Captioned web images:
###
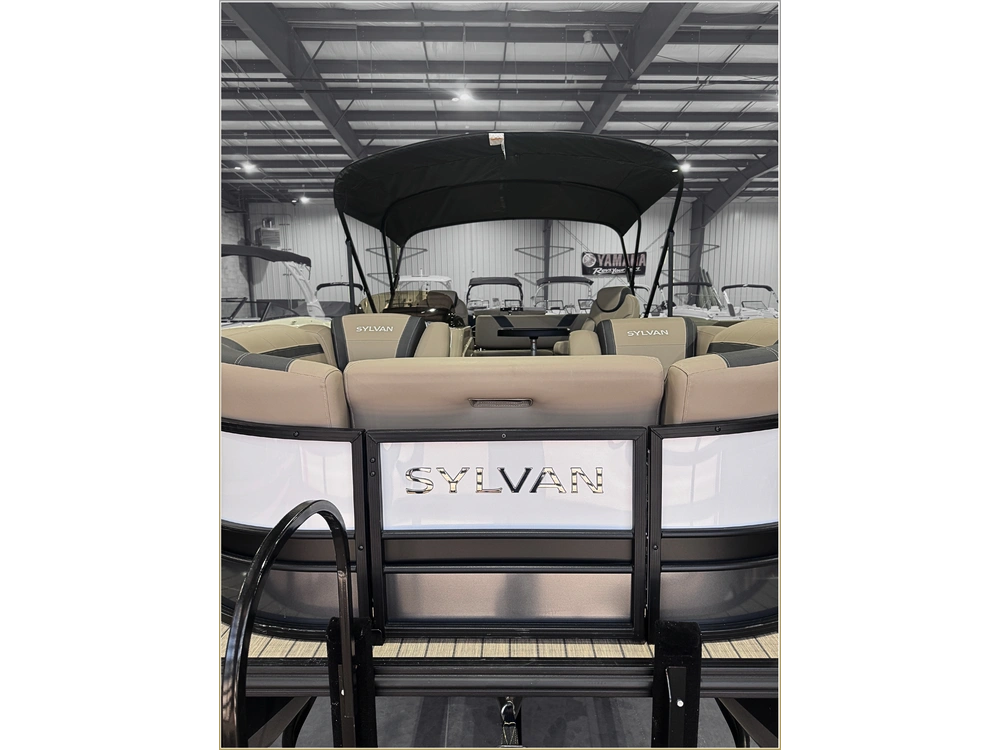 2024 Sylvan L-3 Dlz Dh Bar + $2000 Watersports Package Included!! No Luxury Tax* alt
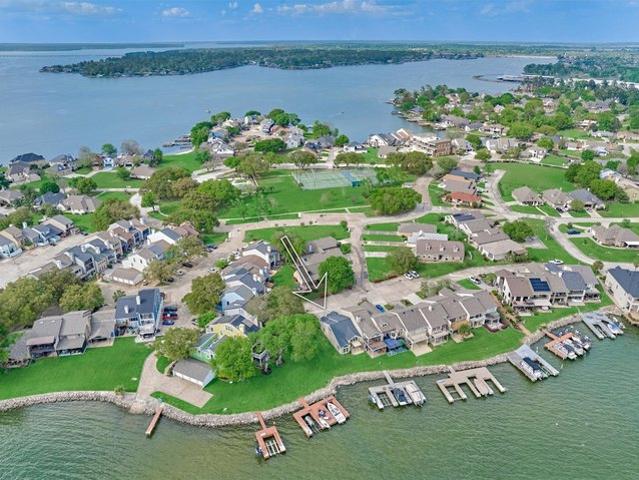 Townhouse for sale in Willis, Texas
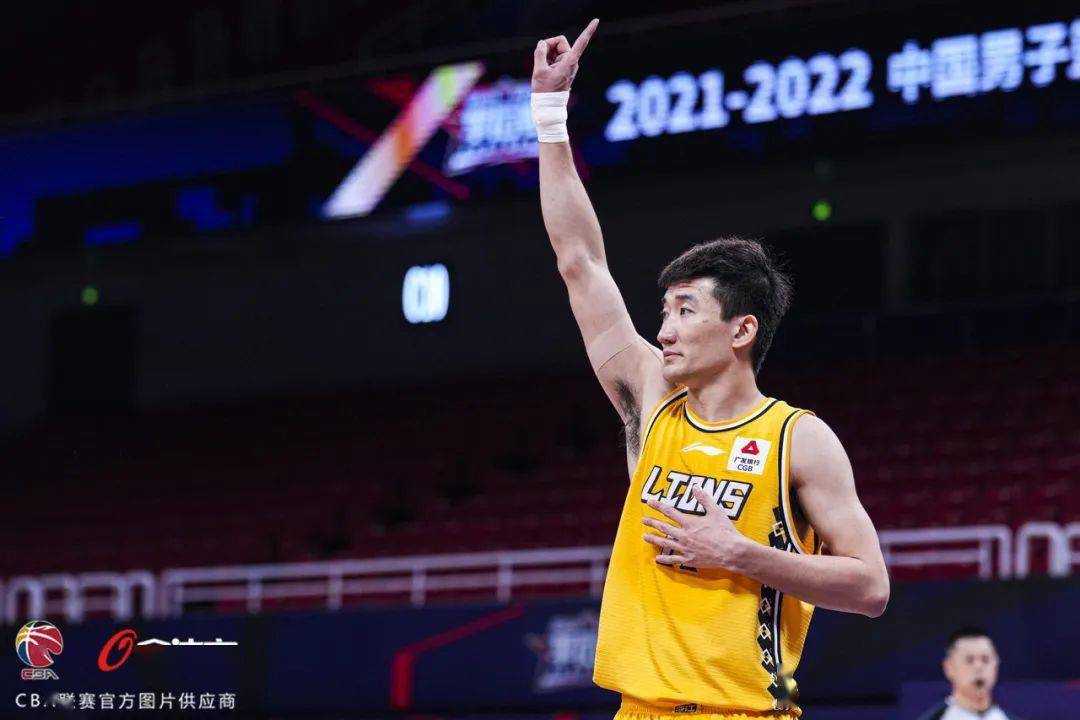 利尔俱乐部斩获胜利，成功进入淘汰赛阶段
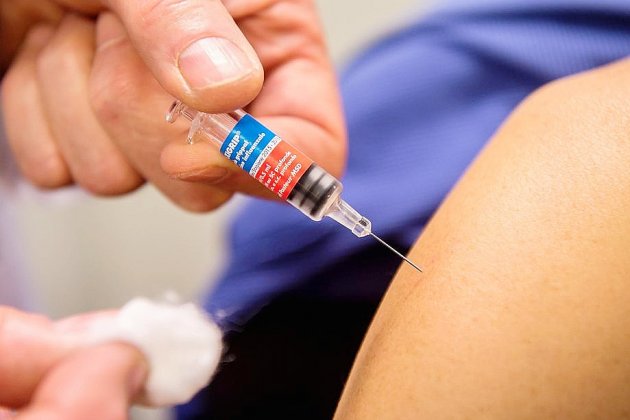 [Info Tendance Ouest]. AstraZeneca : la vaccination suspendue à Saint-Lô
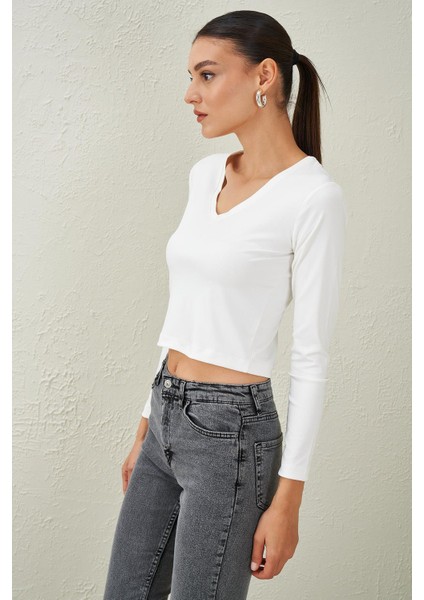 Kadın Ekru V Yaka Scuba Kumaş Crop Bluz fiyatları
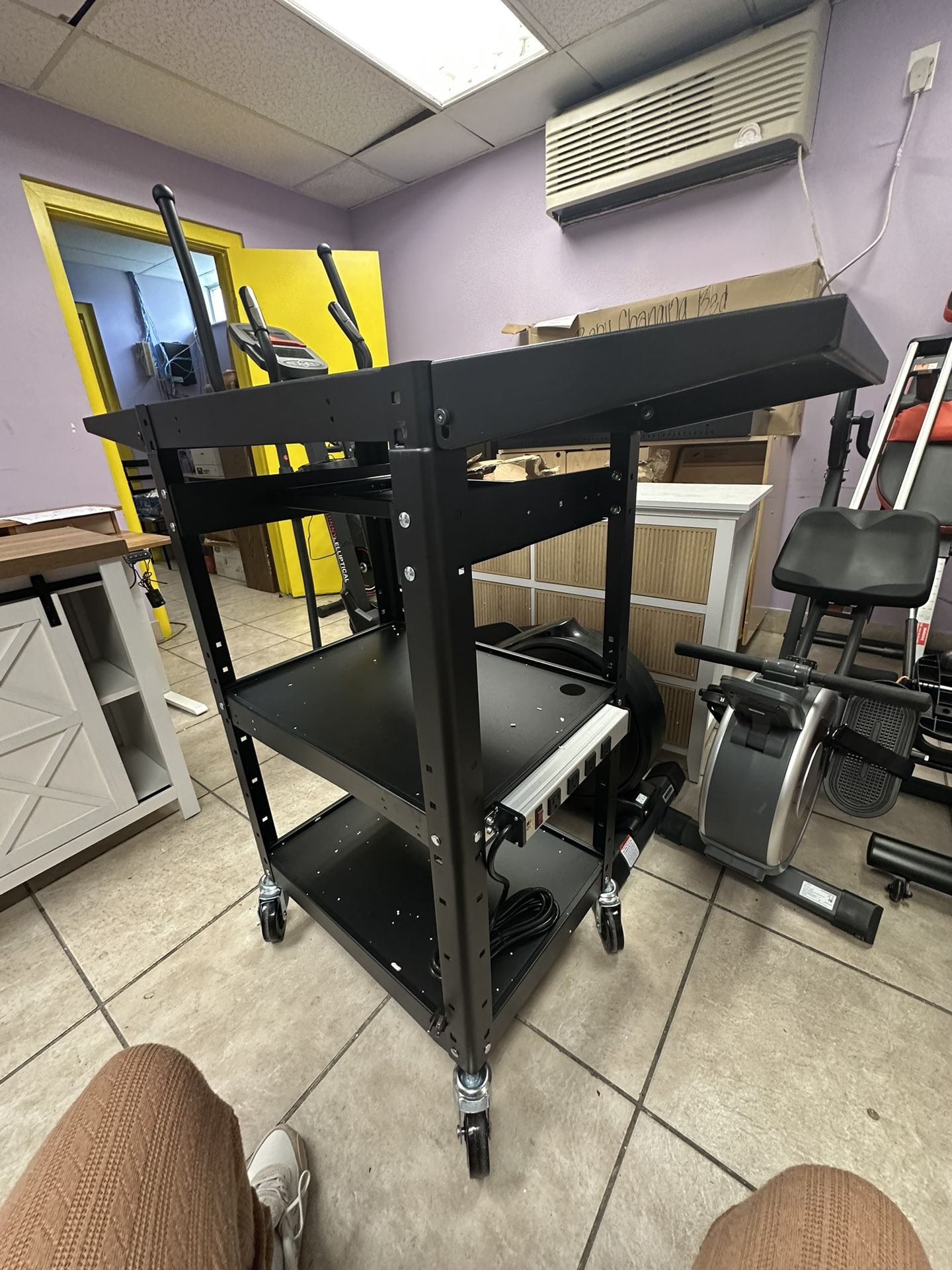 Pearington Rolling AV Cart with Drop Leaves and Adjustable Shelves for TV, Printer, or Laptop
###
◆ How to complete this task ◆
Copy exactly what appears in the entries, beginning with the first line and ending with the line that has "Kadın Ekru V", but not the pictures.

◆ Reply ◆
 2024 Sylvan L-3 Dlz Dh Bar + $2000 Watersports Package Included!! No Luxury Tax* alt
 Townhouse for sale in Willis, Texas
 利尔俱乐部斩获胜利，成功进入淘汰赛阶段
 [Info Tendance Ouest]. AstraZeneca : la vaccination suspendue à Saint-Lô
 Kadın Ekru V Yaka Scuba Kumaş Crop Bluz fiyatları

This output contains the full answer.